Measurement of MP2C activity
MP2C activity was measured using 32P-labelled casein as a substrate (Streuli et al. 1990). Briefly, dephosphorylated casein was 32P-labelled with bovine heart cAMP-dependent protein kinase. Radiolabelled protein was precipitated with 20% TCA. After extensive washing with 10% TCA, the casein was dissolved in 0.5 m Tris–HCl pH 8.

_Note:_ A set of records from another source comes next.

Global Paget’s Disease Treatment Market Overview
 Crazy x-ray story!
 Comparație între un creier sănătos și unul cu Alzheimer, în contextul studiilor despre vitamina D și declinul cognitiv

Phosphatase assays were performed in a total volume of 100 μl, containing 50 mm Tris–HCl pH 8, 0.1 mm EGTA, 1 mm DTT, 100 nm okadaic acid and 10 mm MgCl2, unless otherwise specified. When the effect of calcium was studied, EGTA was omitted from the reaction buffer. The reaction was started by the addition of 5 μg labelled casein (approximately 200 000 cpm). MP2C was pre-incubated for 5 min with the tested substances prior to addition of casein. After incubation for 30 min at 30°C, the reaction was stopped by the addition of 700 μl of an acidic charcoal mixture (0.9 m HCl, 90 mm sodium pyrophosphate, 2 mm NaH2PO4, 4% (v/v) Norit A, Merck). Samples were centrifuged (10 min, 10 000 g) and the amount of radioactivity in 600 μl of supernatant was determined by scintillation counting. Measurements were done in triplicate and the results presented are the mean of two representative experiments.
This work was supported by grants from the Austrian Science Foundation (P11729-GEN and P12188-GEN) and the European Union TMR programme.